ChatGPT handles all strategic planning. He describes the feature he wants to build, then iterates with ChatGPT until it's 95% confident in the approach. ChatGPT breaks the work into phases, writes detailed markdown specifications for each phase, and outputs implementation-ready prompts. Because ChatGPT connects to his GitHub, it maintains full context about his codebase, database schema, and existing features.

Cursor handles tactical execution. Ivan copies the phase-specific prompts from ChatGPT and pastes them directly into Cursor. Cursor follows the detailed specifications and writes the actual code. The separation prevents context fragmentation—ChatGPT maintains strategic awareness while Cursor focuses on implementation details.

The workflow is simple: ChatGPT plans, Cursor builds. When Ivan asked for a multiplayer PvP quiz feature with buzzer mechanics and text-to-speech narration, ChatGPT broke it into phases covering real-time synchronization, game state management, social recording integration, and platform-specific video formatting. Each phase came with acceptance criteria and rollback plans. Cursor executed those specs reliably because they were specific enough to follow.

Build Quality Assurance Into Your Workflow #

Here's Ivan's QA process that catches issues before they compound:

After Cursor executes a phase, he screenshots everything—all file changes, modification summaries, and implementation details. He pastes those screenshots back into ChatGPT with a simple prompt: "Examine this closely and see if there's anything that we need to improve or change or if Cursor did any mistake."

ChatGPT reviews Cursor's work against the original specifications and catches problems before they cascade through the codebase. It identifies logical errors, suggests optimizations, and flags potential issues that would surface during integration. Ivan takes those recommendations back to Cursor for fixes.

This AI-versus-AI review catches approximately 60% of bugs before they reach testing. The remaining 40% are usually JSX syntax errors or minor issues that surface quickly during manual testing. Across 30 projects I've worked with, this review pattern reduces debugging time significantly—founders spend less time hunting mysterious errors and more time building features.
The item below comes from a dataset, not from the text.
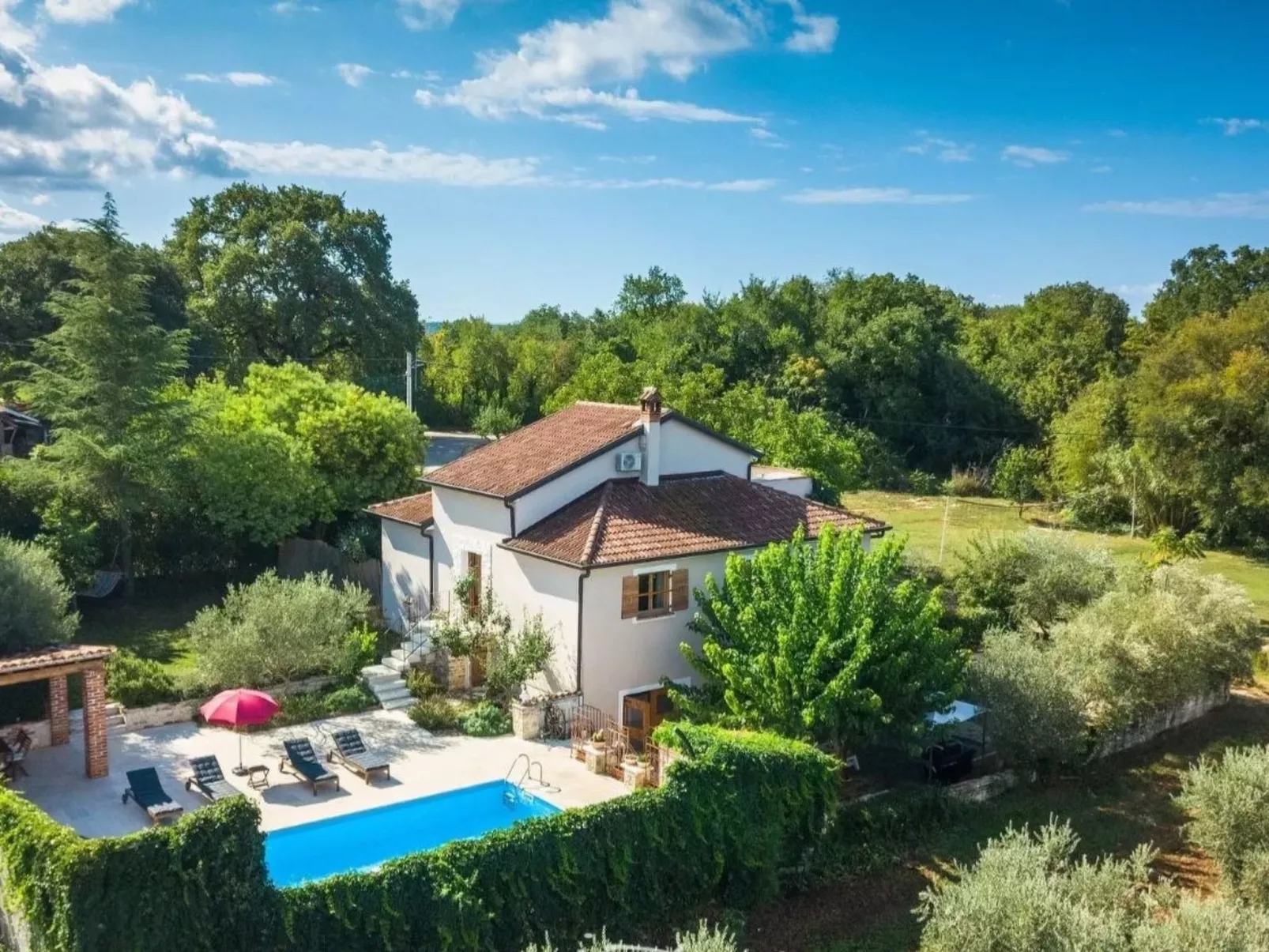 Freistehende Villa mit Garten und privatem Pool-Buiten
Is it tedious to screenshot Cursor's output and feed it back to ChatGPT for every phase? Yes. Does it work? Also yes. Ivan is launching a multiplayer app with real-time synchronization as a non-technical founder. The tedious process produces reliable results.

Where Context Matters #

Ivan mentioned using Giga after hitting a pain point that most vibe coders experience: "AI hallucinating and didn't really know the context of it. You ask it to do one thing and it misunderstand you because there's no context."

Context fragmentation becomes critical once your codebase grows past the initial prototype phase. When your project includes dozens of files, database migrations, API integrations, and feature interdependencies, maintaining coherent context across conversations prevents the AI from introducing bugs or breaking existing functionality.

The workflow Ivan built—strategic planning in ChatGPT, tactical execution in Cursor, systematic reviews between phases—creates natural checkpoints where context stays aligned. Tools that explicitly manage context reduce the cognitive overhead of tracking what the AI knows versus what it needs to know for each task.

The Real Lesson #

Ivan went from zero technical background to shipping a multiplayer application in four months. He didn't learn React. He didn't master database design. He didn't become a developer.

He built a reliable process where AI tools complement each other's strengths and catch each other's weaknesses. Strategic planning stays separate from tactical execution. Quality assurance happens at every phase. The system produces working code consistently because it's designed to surface problems early.

That's the difference between playing with AI tools and actually shipping products. The tools themselves keep improving, but the workflow determines whether you're building something real or just generating code that looks good until someone tries to use it.